Russian writer Vladimir Bukovsky, quoted by Dziennik, believes that the Russian prime minister and other members of the Kremlin establishment have for some time now been embarked on an aggressive propaganda campaign aimed not only at ‘softening’ the Poles ahead of Mr Putin’s appearance at Westerplatte, Gdańsk, on 1 September, but also at fully rehabilitating Stalin and “building Russian national identity on a sense of pride in a great empire – the Soviet Union.” According to Bukovsky, Poland has become the target of the Kremlin propagandists’ vicious attacks because “every dictatorship needs an external enemy to win the support of the people who would otherwise turn against it.” This won’t be changed by Mr Putin’s conciliatory words condemning, in an article for Gazeta Wyborcza, the Molotov-Ribbentrop Pact and calling for reconciliation between Poles and Russians. As Andrzej Talaga notes in Dziennik, it is wrong to mix up truth and lies. “It is wrong to shun responsibility for starting World War II by trying to shift it on to Poland with more or less inept lies about alleged Polish-German plans for a joint invasion of Russia. It is wrong to “distort the basic facts and whitewash a criminal – Stalin. Our memory and theirs are different. That’s understandable,” writes Talaga. “But until we agree on the facts, words about reconciliation, however beautiful and inspiring, will fall on deaf ears.”

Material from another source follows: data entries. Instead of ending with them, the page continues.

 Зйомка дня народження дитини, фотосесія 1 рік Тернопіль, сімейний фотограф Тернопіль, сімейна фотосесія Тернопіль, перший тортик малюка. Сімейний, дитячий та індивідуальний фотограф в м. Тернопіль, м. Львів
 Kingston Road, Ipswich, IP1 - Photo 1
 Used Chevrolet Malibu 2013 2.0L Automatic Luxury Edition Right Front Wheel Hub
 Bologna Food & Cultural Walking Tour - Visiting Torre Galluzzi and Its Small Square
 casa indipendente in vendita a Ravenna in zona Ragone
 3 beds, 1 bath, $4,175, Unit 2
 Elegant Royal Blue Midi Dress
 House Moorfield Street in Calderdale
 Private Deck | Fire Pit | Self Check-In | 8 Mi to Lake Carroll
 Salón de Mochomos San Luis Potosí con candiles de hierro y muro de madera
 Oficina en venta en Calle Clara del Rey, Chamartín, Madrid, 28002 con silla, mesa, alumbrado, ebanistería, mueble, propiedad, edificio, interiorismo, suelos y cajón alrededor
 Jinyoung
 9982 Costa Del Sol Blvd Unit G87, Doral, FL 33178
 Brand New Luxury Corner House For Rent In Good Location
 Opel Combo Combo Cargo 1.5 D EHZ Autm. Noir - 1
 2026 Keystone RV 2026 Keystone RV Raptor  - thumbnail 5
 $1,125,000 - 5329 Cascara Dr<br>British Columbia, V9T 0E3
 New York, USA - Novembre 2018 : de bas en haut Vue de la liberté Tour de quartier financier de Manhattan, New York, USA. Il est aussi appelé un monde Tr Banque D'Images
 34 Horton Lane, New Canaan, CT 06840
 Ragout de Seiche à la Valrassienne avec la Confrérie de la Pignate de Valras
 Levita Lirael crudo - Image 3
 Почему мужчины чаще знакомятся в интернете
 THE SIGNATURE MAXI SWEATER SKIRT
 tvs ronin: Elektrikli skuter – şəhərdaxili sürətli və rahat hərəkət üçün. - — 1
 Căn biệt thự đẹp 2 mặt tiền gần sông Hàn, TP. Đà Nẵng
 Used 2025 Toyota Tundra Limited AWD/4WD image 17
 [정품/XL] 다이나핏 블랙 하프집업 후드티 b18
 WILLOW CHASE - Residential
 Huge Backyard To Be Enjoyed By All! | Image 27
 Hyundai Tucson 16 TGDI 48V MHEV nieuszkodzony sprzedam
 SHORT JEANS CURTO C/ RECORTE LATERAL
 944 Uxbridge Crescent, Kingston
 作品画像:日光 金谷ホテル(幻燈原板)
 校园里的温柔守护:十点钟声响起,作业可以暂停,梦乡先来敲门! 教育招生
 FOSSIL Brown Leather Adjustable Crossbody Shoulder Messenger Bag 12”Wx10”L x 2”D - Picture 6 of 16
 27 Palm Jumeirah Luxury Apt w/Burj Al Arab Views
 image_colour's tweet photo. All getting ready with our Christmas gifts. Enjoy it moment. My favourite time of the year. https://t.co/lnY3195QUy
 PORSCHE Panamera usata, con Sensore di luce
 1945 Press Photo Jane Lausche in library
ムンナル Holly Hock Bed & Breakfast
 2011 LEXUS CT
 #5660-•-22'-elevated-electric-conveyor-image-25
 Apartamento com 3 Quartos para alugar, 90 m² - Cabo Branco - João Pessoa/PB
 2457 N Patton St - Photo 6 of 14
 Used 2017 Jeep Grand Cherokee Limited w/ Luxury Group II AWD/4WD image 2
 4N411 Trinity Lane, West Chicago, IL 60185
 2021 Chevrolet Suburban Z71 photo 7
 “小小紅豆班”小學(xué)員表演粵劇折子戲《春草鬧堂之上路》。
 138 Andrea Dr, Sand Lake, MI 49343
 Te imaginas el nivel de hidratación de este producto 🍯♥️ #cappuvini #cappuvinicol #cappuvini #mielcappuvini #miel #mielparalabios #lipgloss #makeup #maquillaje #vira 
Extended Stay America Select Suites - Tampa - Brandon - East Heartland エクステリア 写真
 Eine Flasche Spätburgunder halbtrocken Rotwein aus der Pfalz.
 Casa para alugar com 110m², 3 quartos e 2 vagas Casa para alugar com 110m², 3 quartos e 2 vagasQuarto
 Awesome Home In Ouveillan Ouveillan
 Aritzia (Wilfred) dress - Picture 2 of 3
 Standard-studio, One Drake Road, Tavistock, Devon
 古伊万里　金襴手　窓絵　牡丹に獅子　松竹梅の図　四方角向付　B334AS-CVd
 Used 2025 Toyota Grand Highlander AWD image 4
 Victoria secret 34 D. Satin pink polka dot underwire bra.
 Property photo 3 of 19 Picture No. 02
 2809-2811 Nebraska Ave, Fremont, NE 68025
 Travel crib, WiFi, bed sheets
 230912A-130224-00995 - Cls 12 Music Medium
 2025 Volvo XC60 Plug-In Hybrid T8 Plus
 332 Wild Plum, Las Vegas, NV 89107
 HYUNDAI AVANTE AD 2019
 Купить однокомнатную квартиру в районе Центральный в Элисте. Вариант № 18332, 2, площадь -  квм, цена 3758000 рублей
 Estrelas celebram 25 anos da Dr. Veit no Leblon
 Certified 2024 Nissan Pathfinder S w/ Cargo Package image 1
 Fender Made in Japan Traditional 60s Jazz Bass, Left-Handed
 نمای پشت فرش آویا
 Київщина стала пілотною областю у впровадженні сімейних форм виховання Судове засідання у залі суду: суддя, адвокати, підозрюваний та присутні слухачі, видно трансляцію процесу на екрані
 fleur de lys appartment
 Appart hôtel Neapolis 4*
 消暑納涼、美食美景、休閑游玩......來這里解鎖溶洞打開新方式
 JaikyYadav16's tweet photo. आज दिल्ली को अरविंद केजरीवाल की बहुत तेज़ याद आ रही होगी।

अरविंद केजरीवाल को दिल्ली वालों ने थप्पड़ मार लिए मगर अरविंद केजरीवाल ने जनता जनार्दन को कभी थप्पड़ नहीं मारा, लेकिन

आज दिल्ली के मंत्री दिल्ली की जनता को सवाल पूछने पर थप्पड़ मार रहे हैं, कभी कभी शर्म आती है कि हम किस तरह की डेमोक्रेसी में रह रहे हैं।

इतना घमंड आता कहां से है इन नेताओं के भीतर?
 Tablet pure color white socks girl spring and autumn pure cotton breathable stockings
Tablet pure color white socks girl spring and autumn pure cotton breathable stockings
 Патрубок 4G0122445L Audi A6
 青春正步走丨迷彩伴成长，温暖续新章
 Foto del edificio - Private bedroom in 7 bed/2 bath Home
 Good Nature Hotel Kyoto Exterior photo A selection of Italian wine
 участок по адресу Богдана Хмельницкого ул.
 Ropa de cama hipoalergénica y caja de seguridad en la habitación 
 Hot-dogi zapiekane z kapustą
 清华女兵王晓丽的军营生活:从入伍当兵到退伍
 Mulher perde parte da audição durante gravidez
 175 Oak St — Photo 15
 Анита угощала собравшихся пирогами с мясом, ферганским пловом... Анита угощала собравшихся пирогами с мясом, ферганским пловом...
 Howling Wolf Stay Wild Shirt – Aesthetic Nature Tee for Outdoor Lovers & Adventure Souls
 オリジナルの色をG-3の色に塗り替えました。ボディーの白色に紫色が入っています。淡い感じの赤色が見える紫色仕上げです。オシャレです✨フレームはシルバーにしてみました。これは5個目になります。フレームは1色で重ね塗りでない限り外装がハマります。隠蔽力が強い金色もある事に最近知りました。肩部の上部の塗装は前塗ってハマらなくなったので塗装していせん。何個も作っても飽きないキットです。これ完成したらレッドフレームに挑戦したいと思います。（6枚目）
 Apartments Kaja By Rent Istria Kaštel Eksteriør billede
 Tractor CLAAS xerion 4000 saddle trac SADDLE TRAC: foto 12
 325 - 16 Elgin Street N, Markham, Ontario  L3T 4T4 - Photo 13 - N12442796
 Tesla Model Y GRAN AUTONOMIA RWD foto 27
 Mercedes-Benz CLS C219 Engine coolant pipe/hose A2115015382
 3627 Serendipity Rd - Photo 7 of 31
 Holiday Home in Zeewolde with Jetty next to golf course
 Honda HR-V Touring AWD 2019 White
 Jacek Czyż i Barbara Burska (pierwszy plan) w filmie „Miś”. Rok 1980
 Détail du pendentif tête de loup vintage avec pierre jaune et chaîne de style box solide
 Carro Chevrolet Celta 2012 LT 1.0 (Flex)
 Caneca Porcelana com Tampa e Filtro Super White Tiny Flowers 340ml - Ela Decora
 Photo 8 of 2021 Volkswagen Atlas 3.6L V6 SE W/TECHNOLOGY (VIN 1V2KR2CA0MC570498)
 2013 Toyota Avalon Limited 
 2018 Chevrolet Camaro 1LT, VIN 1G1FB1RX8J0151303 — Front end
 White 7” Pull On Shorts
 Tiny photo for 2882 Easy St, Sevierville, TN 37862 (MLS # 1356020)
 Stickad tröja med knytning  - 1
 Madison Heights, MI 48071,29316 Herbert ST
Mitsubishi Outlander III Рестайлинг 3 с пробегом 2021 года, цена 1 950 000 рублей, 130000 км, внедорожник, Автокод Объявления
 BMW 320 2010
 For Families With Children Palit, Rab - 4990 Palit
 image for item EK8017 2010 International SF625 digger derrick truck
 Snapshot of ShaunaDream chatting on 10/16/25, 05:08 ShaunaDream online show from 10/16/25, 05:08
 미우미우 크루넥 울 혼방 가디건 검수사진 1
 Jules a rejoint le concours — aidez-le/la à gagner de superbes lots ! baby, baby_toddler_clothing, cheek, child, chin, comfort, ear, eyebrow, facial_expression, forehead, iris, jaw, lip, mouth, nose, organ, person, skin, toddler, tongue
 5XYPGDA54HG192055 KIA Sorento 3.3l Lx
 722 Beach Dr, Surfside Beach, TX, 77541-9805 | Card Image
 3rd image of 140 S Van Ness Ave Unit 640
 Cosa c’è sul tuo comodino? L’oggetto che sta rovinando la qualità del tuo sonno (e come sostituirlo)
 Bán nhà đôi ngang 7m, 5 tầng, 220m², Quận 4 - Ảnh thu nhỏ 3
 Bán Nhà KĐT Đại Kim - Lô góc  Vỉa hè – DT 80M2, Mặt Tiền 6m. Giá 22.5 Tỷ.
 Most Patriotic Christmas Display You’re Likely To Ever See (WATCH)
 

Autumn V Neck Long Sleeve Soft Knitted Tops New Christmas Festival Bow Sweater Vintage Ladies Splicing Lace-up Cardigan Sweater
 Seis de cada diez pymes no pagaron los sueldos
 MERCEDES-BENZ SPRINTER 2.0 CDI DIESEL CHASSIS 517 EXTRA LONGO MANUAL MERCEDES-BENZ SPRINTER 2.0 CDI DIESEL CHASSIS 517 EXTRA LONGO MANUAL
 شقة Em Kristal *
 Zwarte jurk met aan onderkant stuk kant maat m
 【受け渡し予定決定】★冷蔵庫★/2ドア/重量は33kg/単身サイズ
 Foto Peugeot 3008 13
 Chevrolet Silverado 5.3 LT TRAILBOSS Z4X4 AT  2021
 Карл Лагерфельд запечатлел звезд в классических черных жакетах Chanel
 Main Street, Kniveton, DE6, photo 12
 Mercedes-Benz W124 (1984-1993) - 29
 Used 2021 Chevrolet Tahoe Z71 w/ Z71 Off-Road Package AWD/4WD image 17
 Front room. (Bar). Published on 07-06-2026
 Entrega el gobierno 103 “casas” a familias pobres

The German press is not sure what to make of the quarrel. Daily Frankfurter Allgemeine Zeitung is surprised to note that “Poles are convinced that Poland had more influence on the course of WWII than any other nation, and that the Poles suffered more than any other people, even more than the Jews.” FAZ reports that the results of a poll published in Polish daily Gazeta Wyborcza show that this interpretation of the war is the most prevalent in Poland. The German newspaper further takes the view that “Polocentrism,” to use a term coined by sociologist Piotr Kwiatkowski, will likely be a feature of the ceremony to remember the outbreak of the war.

“Polish Prime Minister Donald Tusk was ready to do all that was necessary to make Gdańsk the location of a grand scale international war museum,” notes FAZ. But at the last moment, the leaders of the United States and Western Europe, with the exception of Angela Merkel, opted to send only representatives to the ceremony. “They backed down just like the did 70 years ago,” remarks a Polish diplomat quoted in the Frankfurt daily: “the enemies are there, and the Allies don’t turn up.” “Vladimir Putin’s attendance appears to indicate an easing of tensions in Russian-Polish relations,” which will doubtless prevail until differences of opinion on the issue of “Russia’s enormous responsibility” in the triggering of the war come to the fore again,” observes FAZ.

On this question, age-old “Russian reflexes” are back, notes a headline in Süddeutsche Zeitung. Readers of the daily Rzeczpospolita had requested an official apology for the Russian invasion of Poland on 17 September, 1939. But Putin has dismissed criticism of Russia, which he qualifies as “cynical lies.” For the newspaper, Russians have long been convinced that they are surrounded by ” deniers of historical fact, who weave a cocoon of lies to downplay Russia’s role in the fight against fascism.”

According to Der Spiegel, many liberal Russian historians deplore the “glorification of the Stalinist era, while officially approved histories defend Stalin’s strategy as a masterpiece of tactics.” In view of the wide divergence of opinion on this issue, the weekly takes the view that Putin’s participation at the Gdansk commemoration “will be something of a balancing act, because what ever he says will come under intense scrutiny.”